TSVMs only work well for simple binary ( 1 vs 1 ) classification, and only when the document classes form simple clusters. They don’t work for multi-class classifier because they can not handle ( 1 vs all ) data sets.

So while TSVMs do work, not just any unlabeled data set will do. Indeed, I personally believe the key to a good TSVM is creating a well balanced unlabeled data. Or, equivalently, estimating the fraction $r$ of (+/-) examples very well. If the replica set is poor, or poorly understood, the TSVM results can be worse than just training an SVM on only the labeled data.

UniverSVM (USVM)

In 1998, and , later in 2006, Vapnik introduced a different kind of SVM–which also the allows learning from unlabeled data–but replaces the Principle of Maximum Margin with a more robust method called

the UniverSVM: the Principle of Maximum Contradictions

The idea is to add in data from classes that are significantly different from the 2 classes being separated:

To create a finance vs beauty classifier, we would add labelled and/or unlabeled documents from other categories, such as parenting, politics, sports, etc. We then want a binary classifier that not only separates the 2 labeled classes, but is also as different from the other class–the Universum.
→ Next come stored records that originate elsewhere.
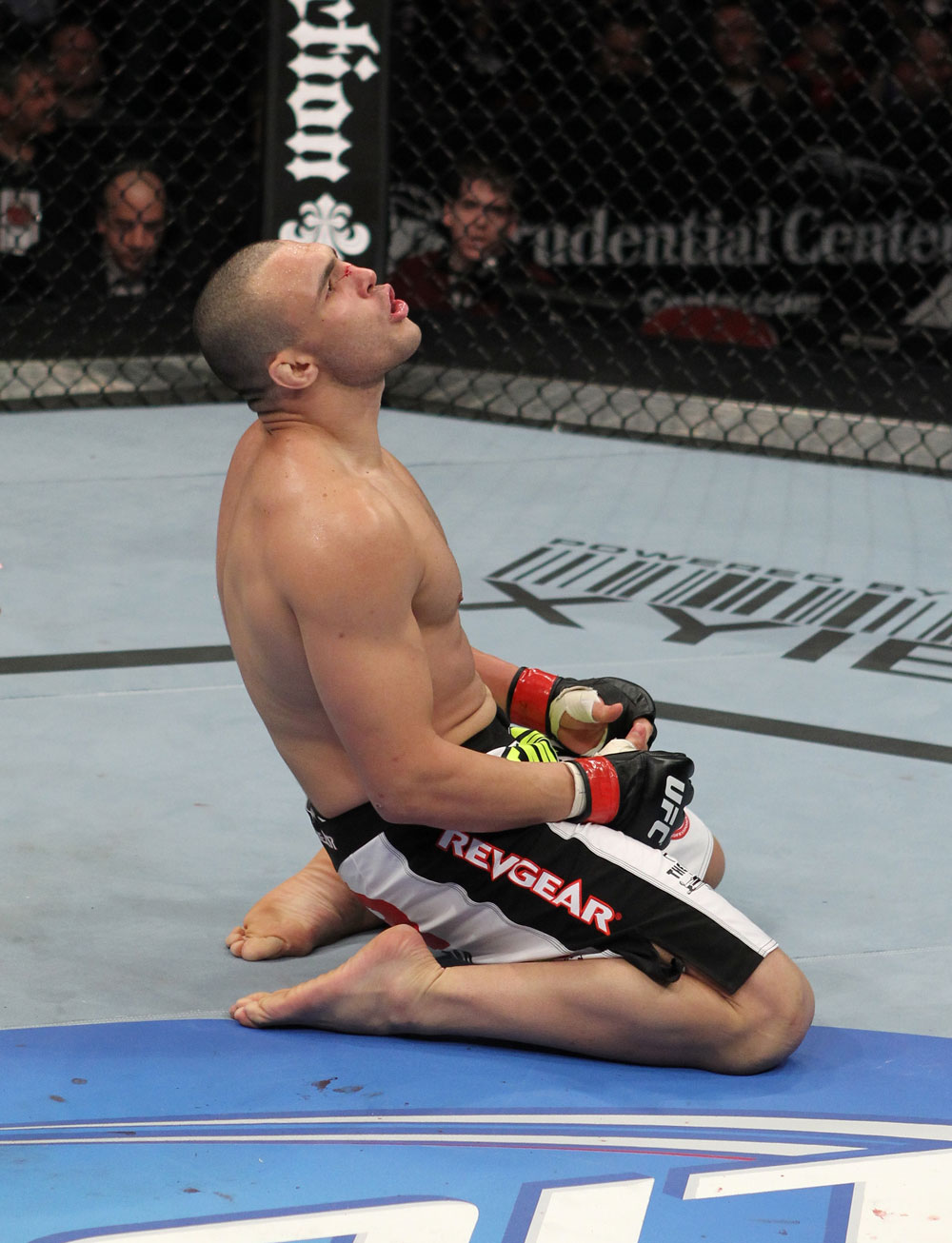 UFC 128: Luiz Cane celebrates his win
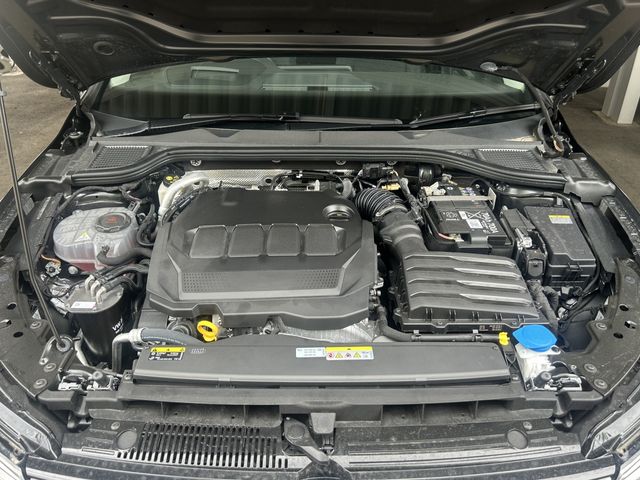 VOLKSWAGEN VOLKSWAGEN GOLF VARIANT 2024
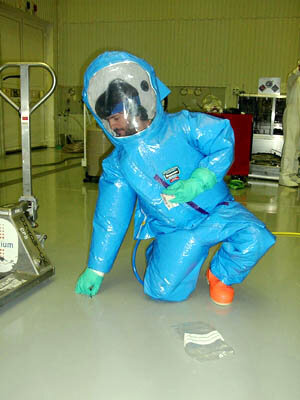 19.09.02  SCAPE suit used in fueling operations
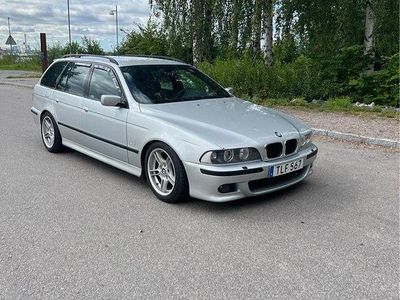 BMW 525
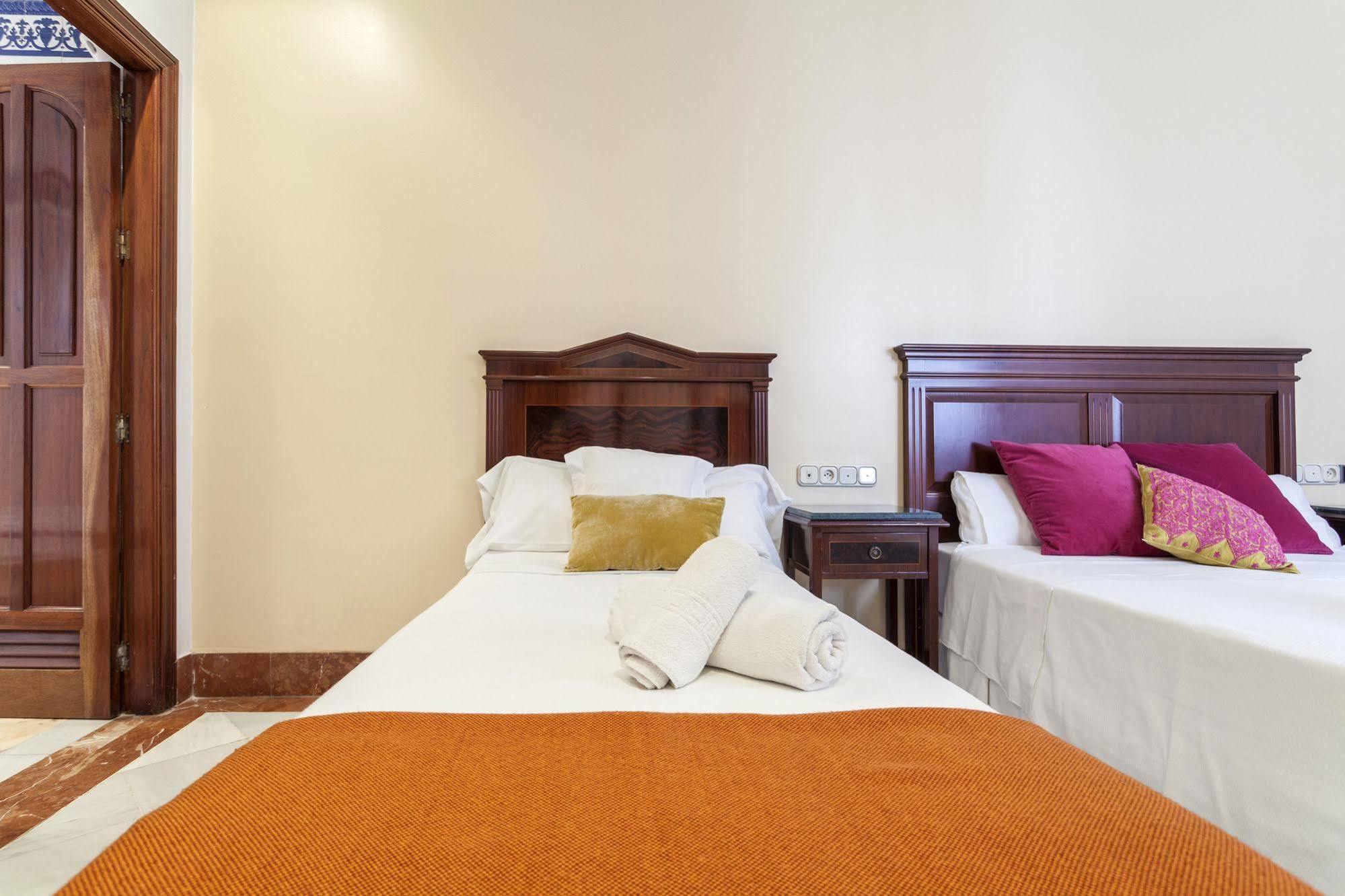 Hotel Baco Seville Ngoại thất bức ảnh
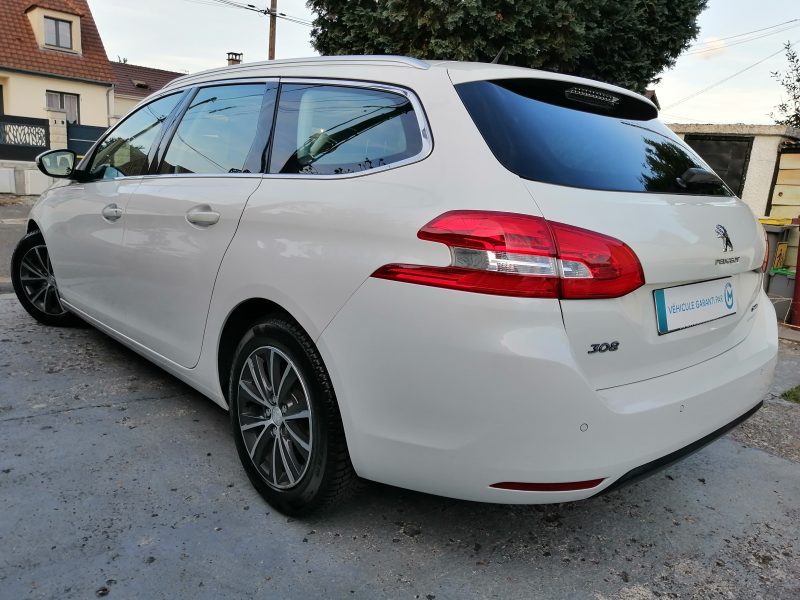 PEUGEOT 308 SW II 2015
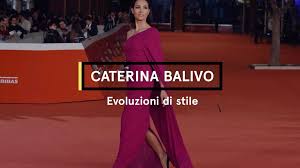 I mocassini Dr. Martens (a meno di 90 euro) di Caterina Balivo sono le scarpe da avere in primavera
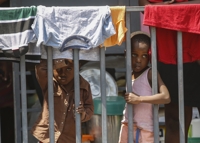  잔혹한 폭력과 공포, 방치된 시신들…아이티, 평화는 언제쯤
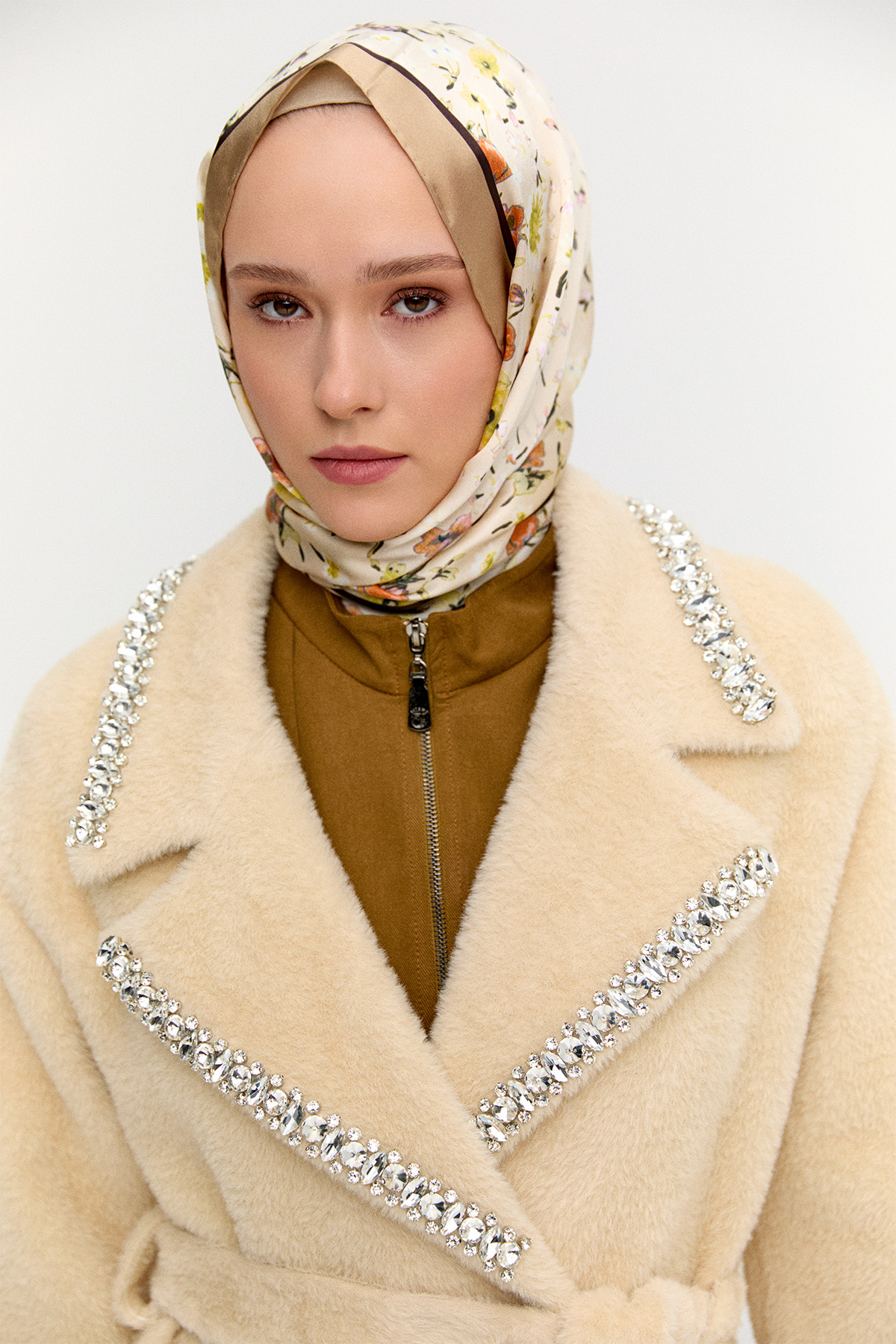 Taş Detaylı Angora Kaban, Tesettür Giyim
We create 2 replicas of the Universum–one with all (+) labels, and one all (-). We then add unlabeled documents (blue circles) that lie in the margin between classes–or really in the space between the (+/-) classes:

Screen Shot 2014-09-30 at 12.08.39 AM

The best Universum examples will lie in the convex hull between the finance and beauty documents; those inside the convex hulls will most likely be ignored. Since all the u-labels are wrong, every equivalence class of hyperplanes will produce numerous contradictions on the Universum points (u):

The best model has the largest diversity on the Universum; in other words, the largest VC Entropy. Vapnik has pointed out the following interpretation of the Universum: “[When trying to classify the labeled data, try to avoid extra generalizations.]”

The best model has the Maximum # of Contradictions on the Universum.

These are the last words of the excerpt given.